I remember a playful delight over the idea of school. I remember youthful excitement and enthusiasm over learning. I remember thoughts, mullings really, wondering if there was more for me than the blind compliance hiding a quiet rebellion and masked by a façade of happiness worn by the elder peers I looked up to. I remember a dramatic move away from all I’d ever known around the age of twelve. I remember the unknown turmoil in being faced with the possibility of being fatherless. I remember hope. Hope in a renewed youthful excitement and enthusiasm over learning. I remember the day when I realized that it wasn’t so much the lessons I took such great delight in as the teachers who delivered them.
There is no comparing my story to that of Jan Amos Comenius.
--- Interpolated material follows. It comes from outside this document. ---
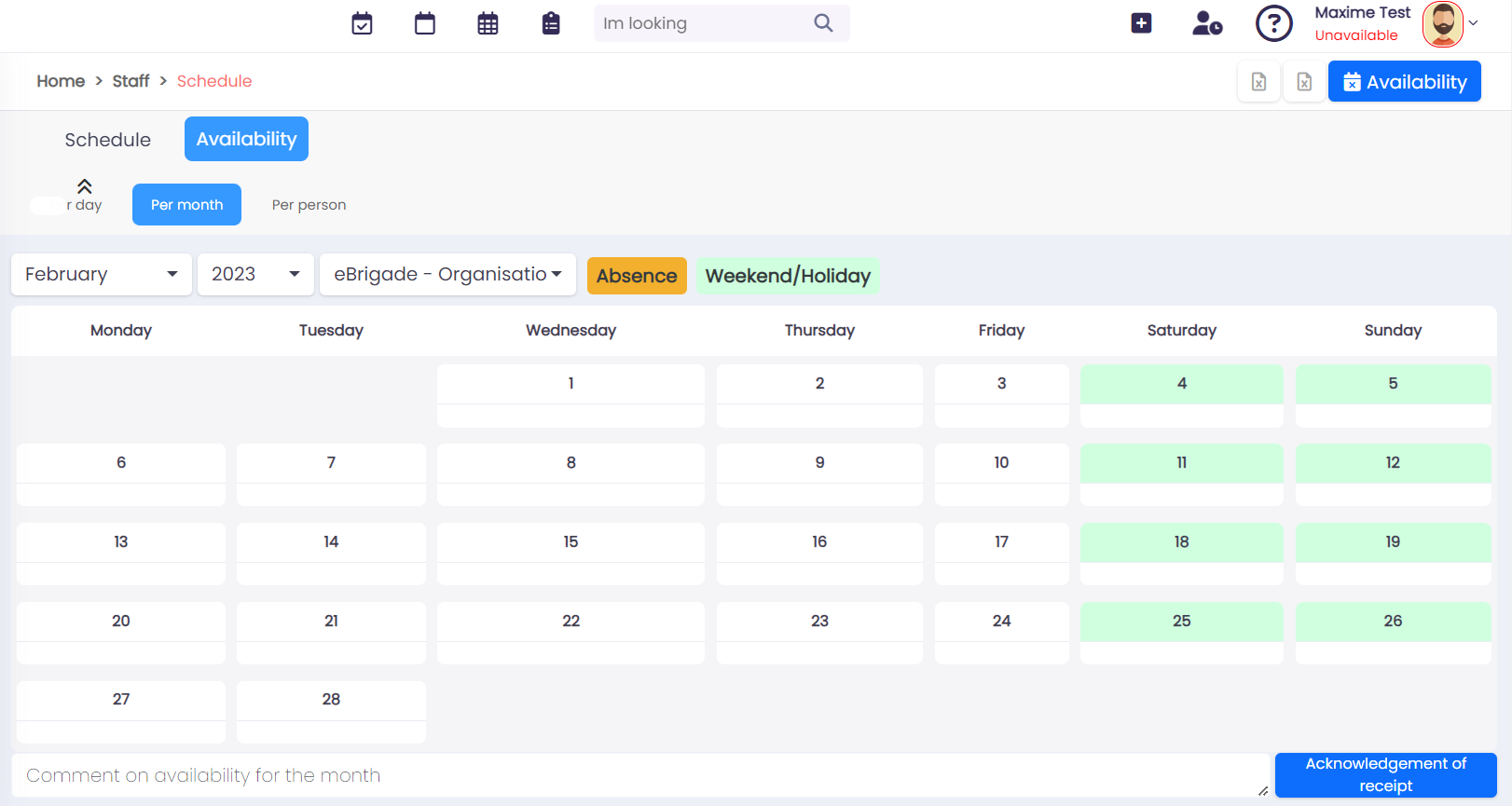 Calendrier et planning en ligne par eBrigade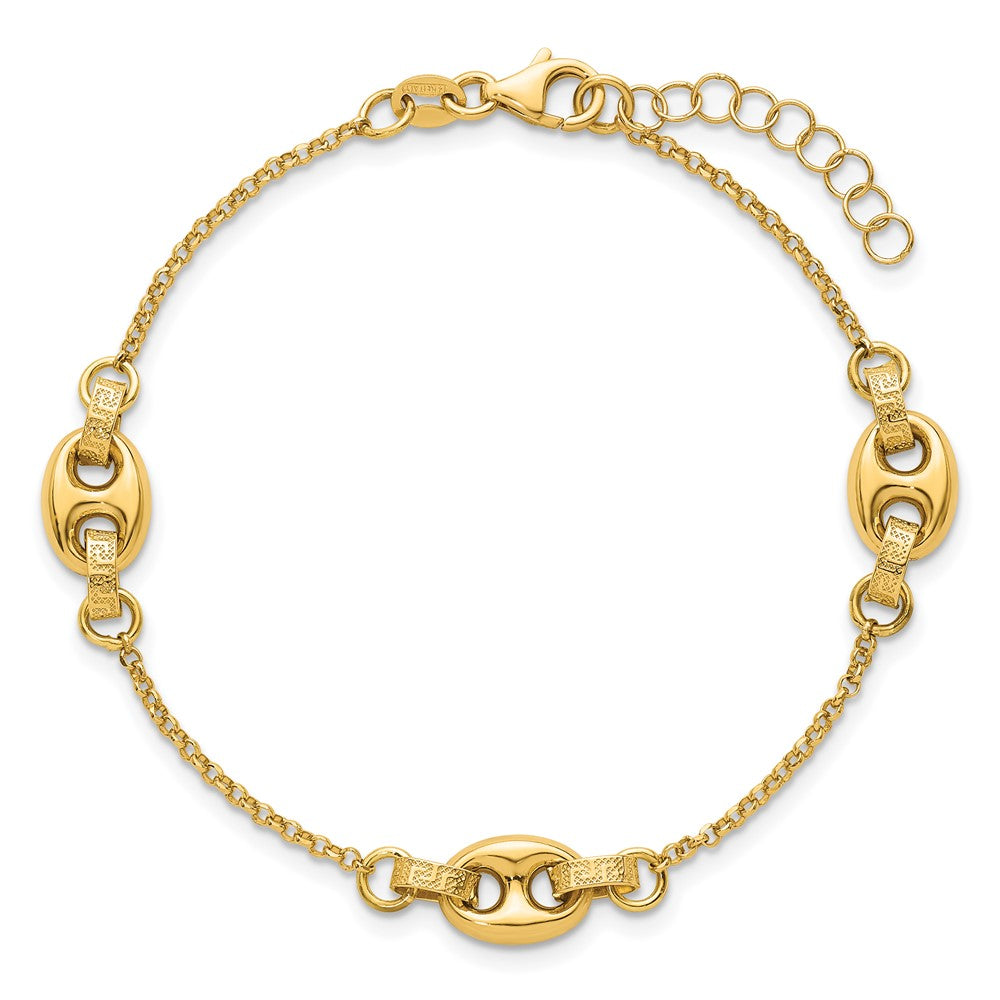 14K Polished and Textured Greek Key 7.25 w/1in ext. Link Bracelet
There is a certain thread in the thoughts and remembrances listed above that runs throughout his story as well. If I were desperate, I could pull out old nicknames and remind you that I once was called Amos in my younger days. If I were to point that out, I would of course fail to mention that it had nothing to do with the fact that I was “loving” as it did in Comenius’ case, but rather by the fact that I knew that Amos was a book in the Old Testament when no other of my peers did, and I never failed to remind them of my superior knowledge. Or, on another point of feigned comparison, I could recollect the fact that my paternal grandfather’s side of the family has deep Moravian roots stemming back to the founding of Old Salem in North Carolina. But if I were to point that out, I would of course fail to mention the fact that while my grandfather does have Moravian roots, the only real connection he has that I have found thus far with Old Salem—apart from living there—I fictitiously made up after reading the back of a Moravian Sugar Cake loaf giving a brief history of the Moravians settlement in Salem.
Let’s face it. My feeble attempt to connect my lineage to that of Jan Amos Comenius has thus far rivaled every Confederate-loving Southern American’s claim to be a direct descendant of William Wallace. And yet I continue my search along the genealogical and footnote trail knowing that one day I will be bettered by the search even to simply call Comenius a spiritual and educational ancestor.